In association with five, sensitivity, depth, emotion. I think that really broadens our understanding of a five in a way that we really need.
Creek:In the literature, I think it'd be important to kind of define having emotions versus being emotional. Everyone has emotions, right. And it's about the relationship and what we feel we need to do with those emotions.
That's going to vary from person to person, type to type. I think fives obviously have emotions, have intense emotions, but I'm not sure I would go so far to say they are emotional in how they express it.
I think they can get emotional, but there is. There's an on, off switch where I'm not. I'm not sure I have an on off switch. But, yeah, I think that's. That's an important distinction to be made.
Yeah. Striving to feel detached is like the only way you're going to feel okay. Is to not. To not feel those emotions.
So you're going to have them, but you're going to have strategies to avoid being involved in them.
Abram:Yeah. To kind of continue on some of the specific content here about emotions.
One thing I noticed from Mario that was different than at the other schools was there's, you know, there's this assumption about fives that it's. It's. It's about primarily learning and taking in information. When he actually was putting more of the focus on.
It's actually more about emotional detachment than it is information seeking, because I know. I know fives who don't have libraries. That's the. You know, that's the stereotype. But, yeah, I just think this.
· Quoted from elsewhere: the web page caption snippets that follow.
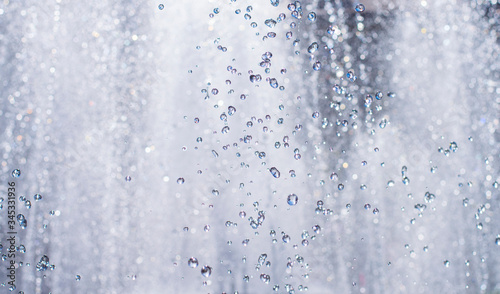 photo of water droplets in the air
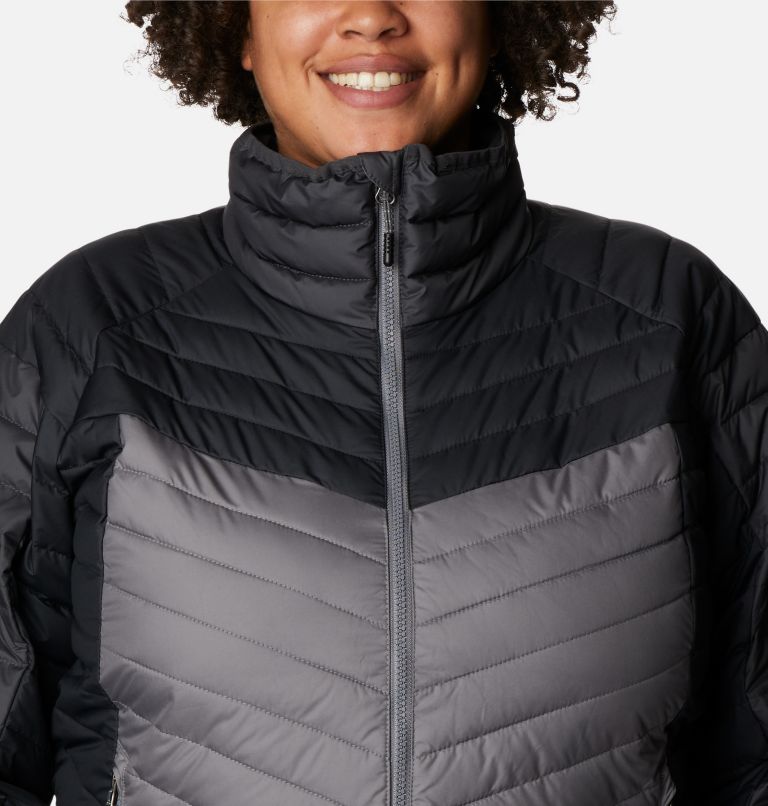 Women's Powder Lite II Full Zip Insulated Jacket - Plus Size, Color: City Grey, Shark, Black, image 4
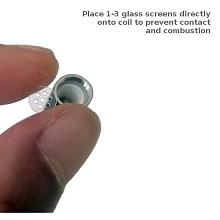 Glass Screen Filter for LAMP Bulb Dry Herb Atomizer (10pcs)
That focus is really helpful to hear and not one that you. That you really regularly hear from other schools, I think, or other literature.
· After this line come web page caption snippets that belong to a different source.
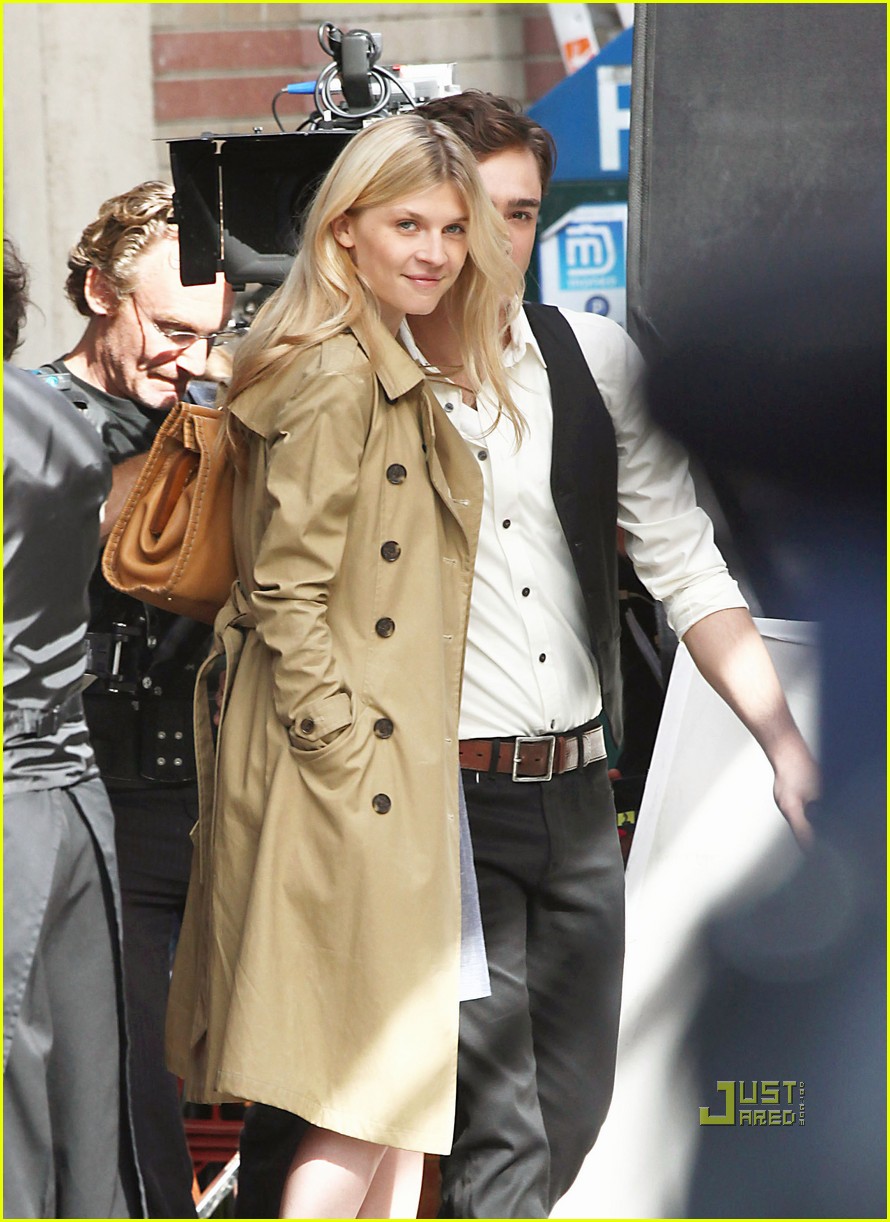Ed Westwick: Filming 'Gossip Girl' with Clemence Poesy! clemence poesy...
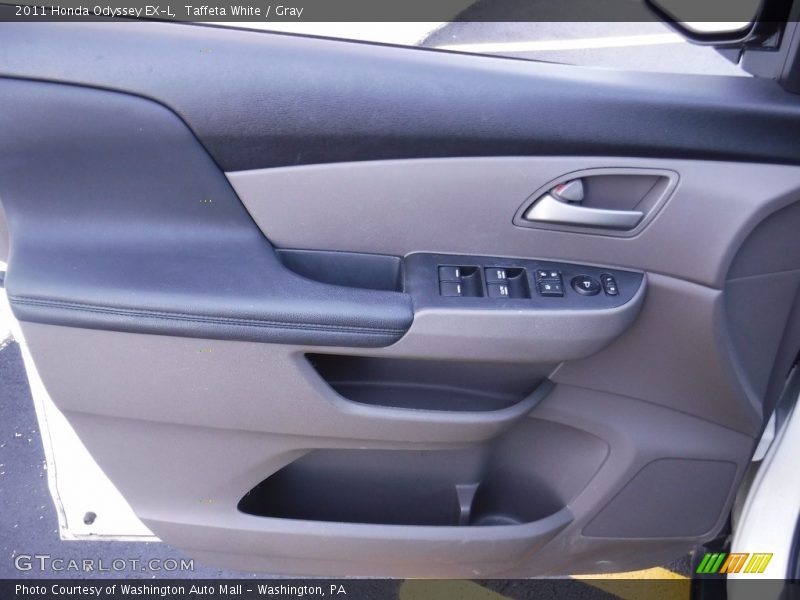 Taffeta White / Gray 2011 Honda Odyssey EX-L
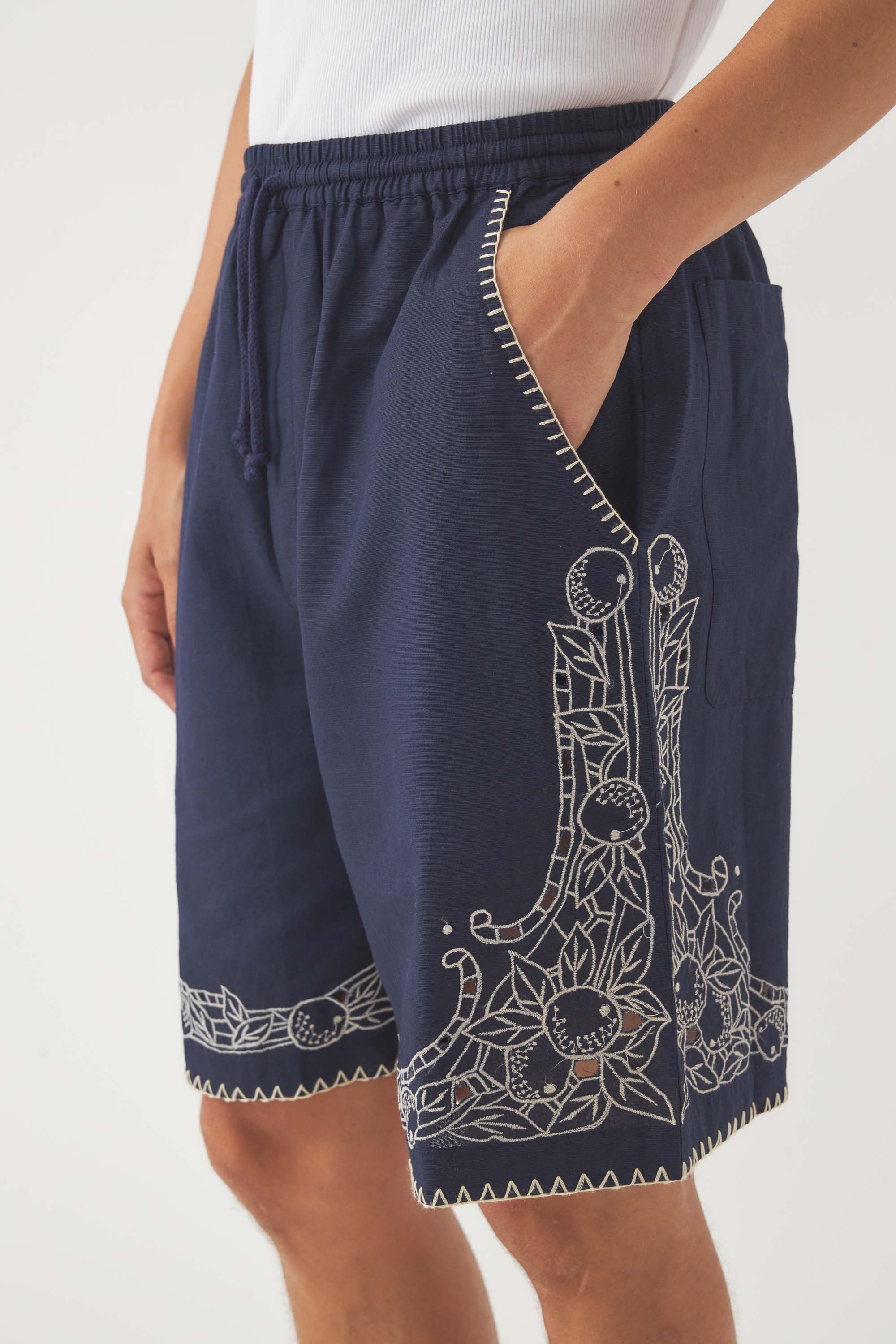 Embroidered Short Dylan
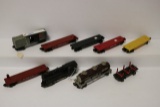 Box lot of custom & Menards rail cars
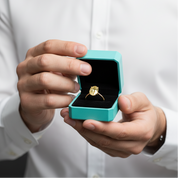 Oval Cut 3.5ct Yellow Gold Engagement Ring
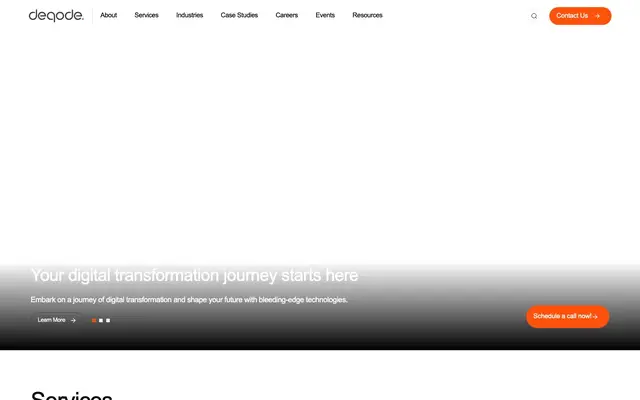 Deqode website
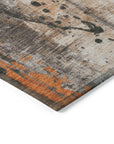 Addison Rugs Saelion Orange Washable Indoor-Outdoor Rug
Lindsey:And helpful in avoiding mistyping, too.
Creek:That was something I was really listening to. Melissa. In the schools, it's like different. Different types. The instinctual bias. The instincts do create a width of variable.
I think fives is one of those that has the potential to have a large width of expression especially like transmitting five.
Lindsey:Yeah.
Creek:And it's going to look a lot. A lot different than a preserving 5. Obviously some similarities but I just think that's something to make sure to point out.
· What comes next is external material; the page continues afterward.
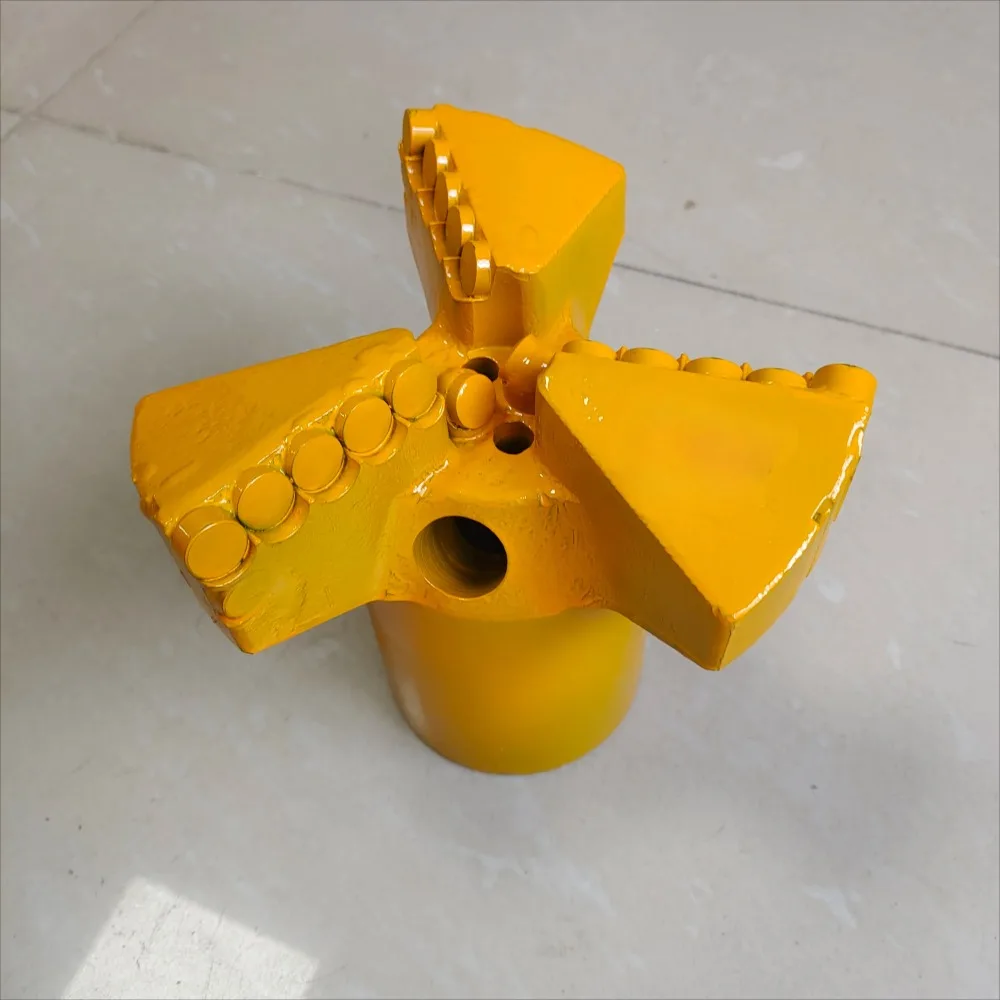 1pc Water Well Drilling Bit OF Drilling Machine Part/3 Wings Diamond Compact PDC Drill Bit Geological Prospecting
Abram:Yeah. Because I mean I know a couple fives and some of them are really close to me and I am as well close to them.
And there's a very big spectrum from how open hearted and generous they are to other fives I know that are completely stingy with themselves and even the time that they give. That's a big spectrum that I experience from. From different fives.
Obviously that's like to me that's the example of how a person holds type but it's probably also expressed through the differing instinct as well.
Creek:So yeah, the generic generosity was something I think came up when all the three schools of like they can be very generous. I think the fives in my life I've seen the generosity be there but also the very clear here. No further.
Abram:Yeah.
Creek:And depends on the day on some level from time to resources to all those sort of things which you put a preserve. You put like self preservation preserving on that five.
Lindsey:Right.
Creek:Like it's going to be a whole nother level of intensity of sharing those resources and also intensity of reserving them for themselves.
Abram:Yeah, for sure. One preserving five. I know he has said something along the lines of I've told them that they are very.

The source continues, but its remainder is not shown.